REQUIRED WORK >> Nothing but the pictures should go missing; return all the entries below exactly.

[Captioned web image data]
_ _ _ _ _
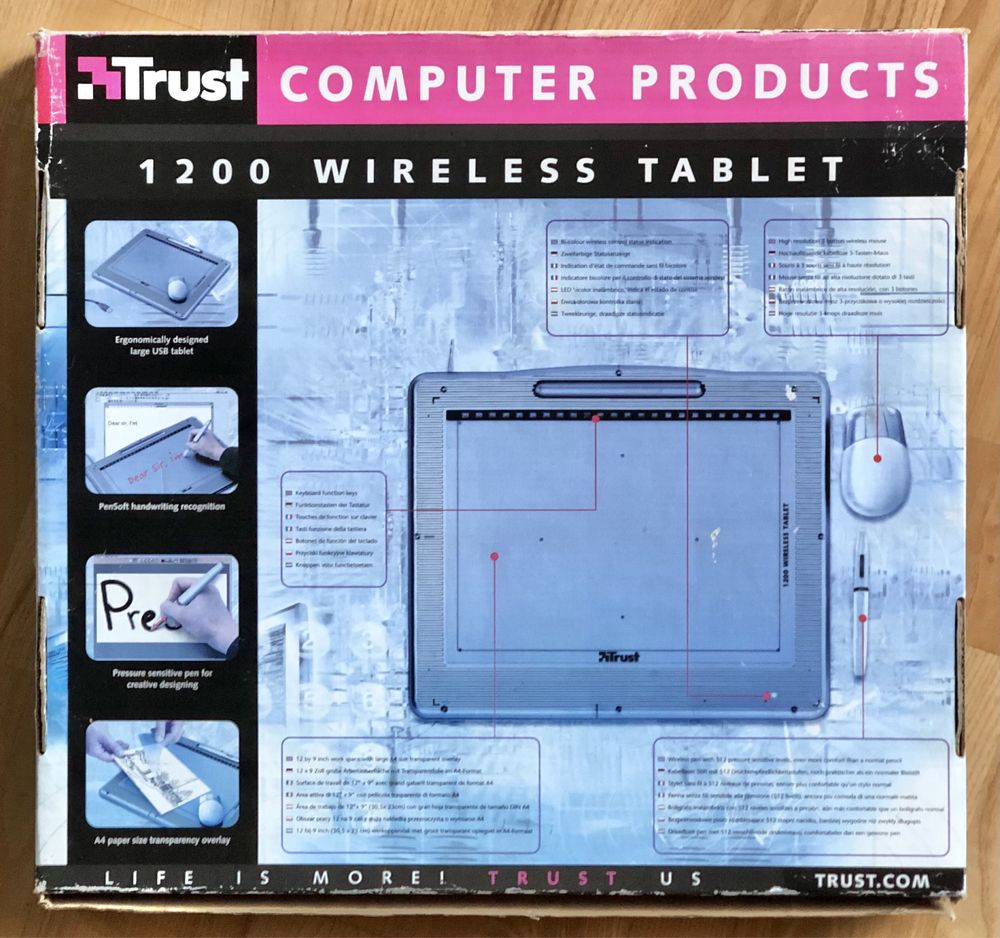 Trust 1200 Wireless Tablet Computer Products PC MAC bezprzewodowy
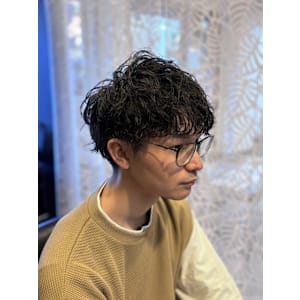 イケメン度爆上がり！！ツイストスパイラルパーマ☆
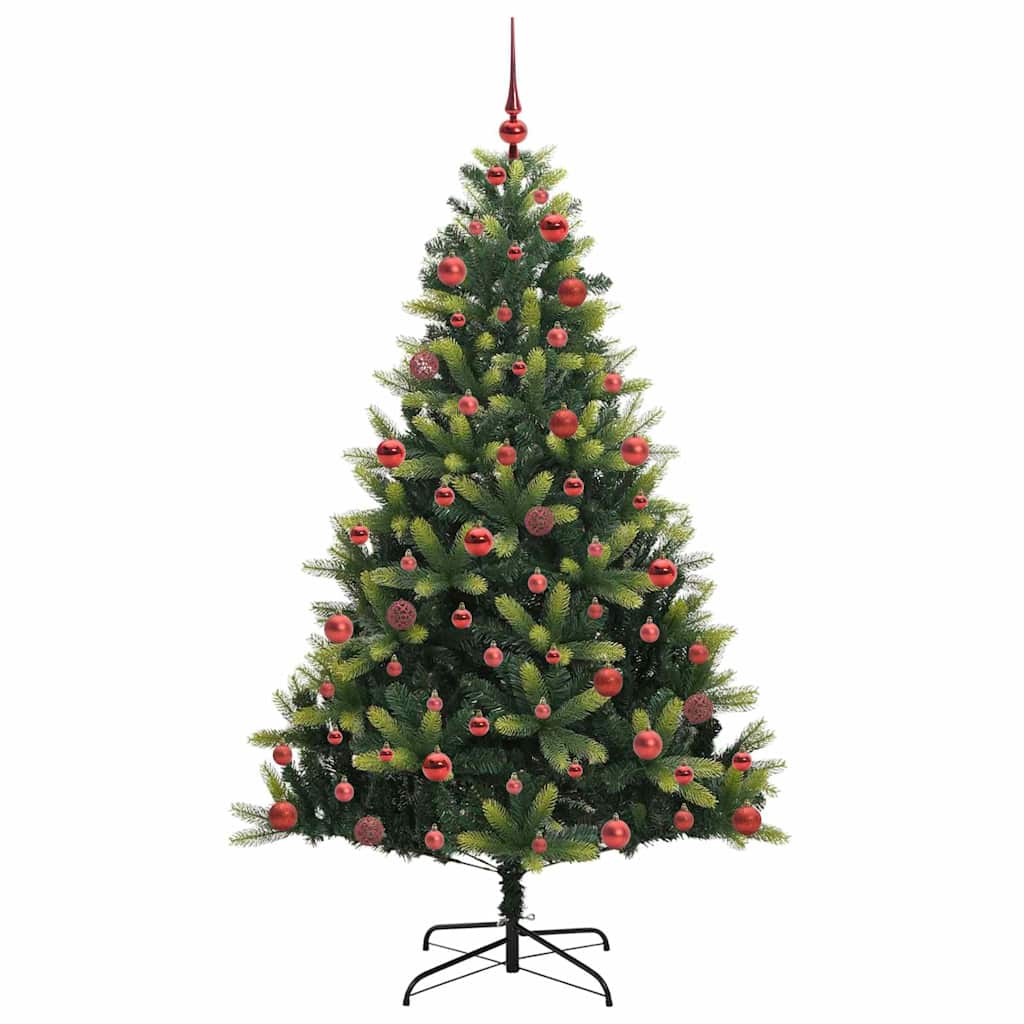 Künstlicher Klapp-Weihnachtsbaum mit 300 LEDs Grün 180 cm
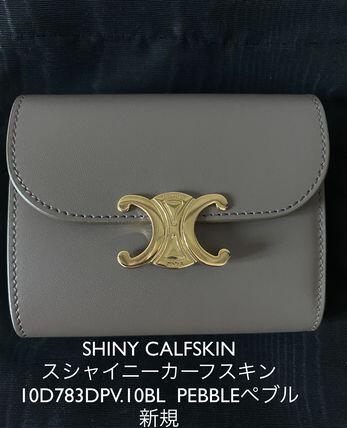 CELINE【入手困難】可愛い ★TRIOMPHE SMALL FLAP WALLET★ 全色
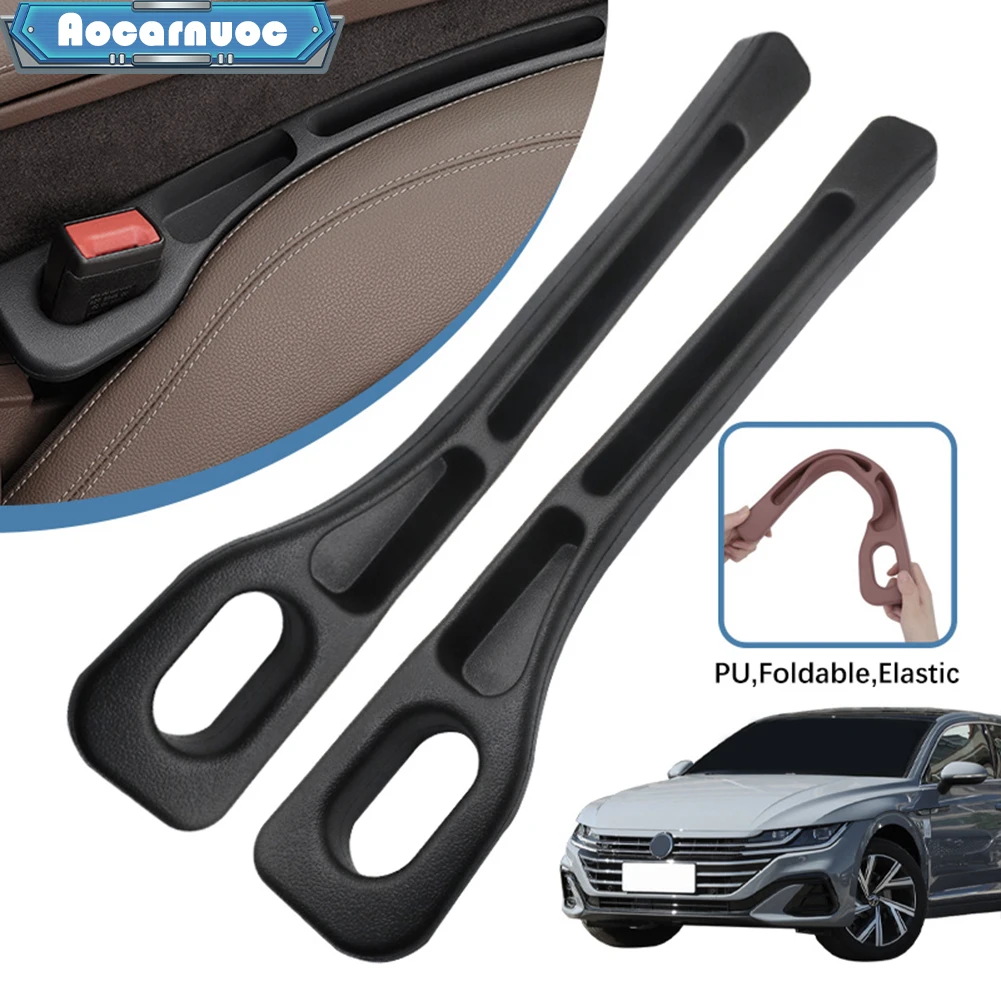 

2pcs/set Car Seat Gap Filler Leak-proof Filling Plug Strip Accessories For Volkswagen CC 2009-2018 2019 2020 2021 2022 2023 2024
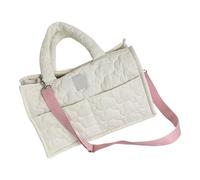 Sac à main spacieux matelassé à la mode, sac à bandoulière pour les trajets quotidiens ou les voyages - Sac à bandoulière pratique à la mode, Lait blanc, One Size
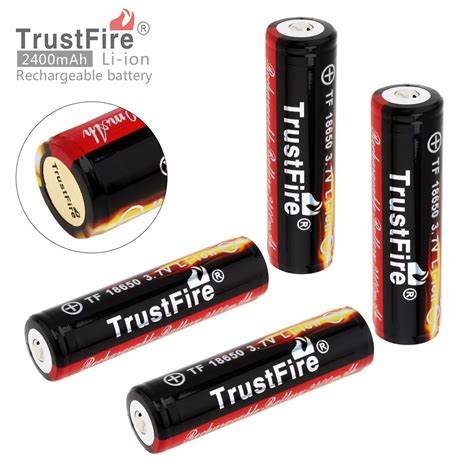 Trustfire Pcs V Mah High Capacity Li Ion Rechargeable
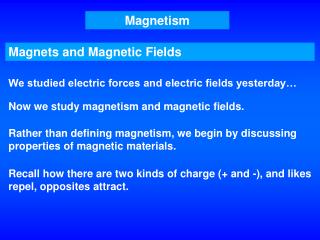 Magnetism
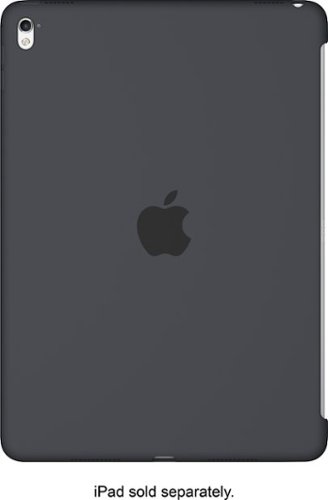  Apple - Silicone Case for 9.7-inch iPad Pro - Charcoal Gray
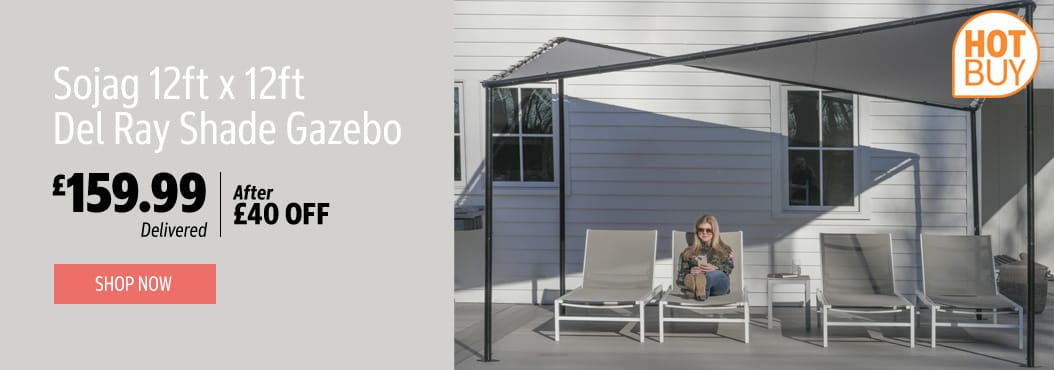 Sojag 12ft x 12ft Del Ray Shade Gazebo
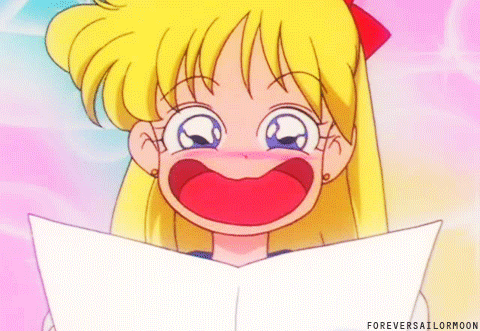 Minha cara - e a dos demais fãs de Sailor Moon - ao ler o mangá da Sailor V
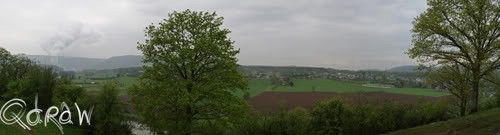 Chooz B and village; panorama [qdraw.nl] | Vakantie Vresse sur Semois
_ _ _ _ _
RESULT FOR THIS EXERCISE >>
 Trust 1200 Wireless Tablet Computer Products PC MAC bezprzewodowy
 イケメン度爆上がり！！ツイストスパイラルパーマ☆
 Künstlicher Klapp-Weihnachtsbaum mit 300 LEDs Grün 180 cm
 CELINE【入手困難】可愛い ★TRIOMPHE SMALL FLAP WALLET★ 全色

2pcs/set Car Seat Gap Filler Leak-proof Filling Plug Strip Accessories For Volkswagen CC 2009-2018 2019 2020 2021 2022 2023 2024
 Sac à main spacieux matelassé à la mode, sac à bandoulière pour les trajets quotidiens ou les voyages - Sac à bandoulière pratique à la mode, Lait blanc, One Size
 Trustfire Pcs V Mah High Capacity Li Ion Rechargeable
 Magnetism
  Apple - Silicone Case for 9.7-inch iPad Pro - Charcoal Gray
 Sojag 12ft x 12ft Del Ray Shade Gazebo
 Minha cara - e a dos demais fãs de Sailor Moon - ao ler o mangá da Sailor V
 Chooz B and village; panorama [qdraw.nl] | Vakantie Vresse sur Semois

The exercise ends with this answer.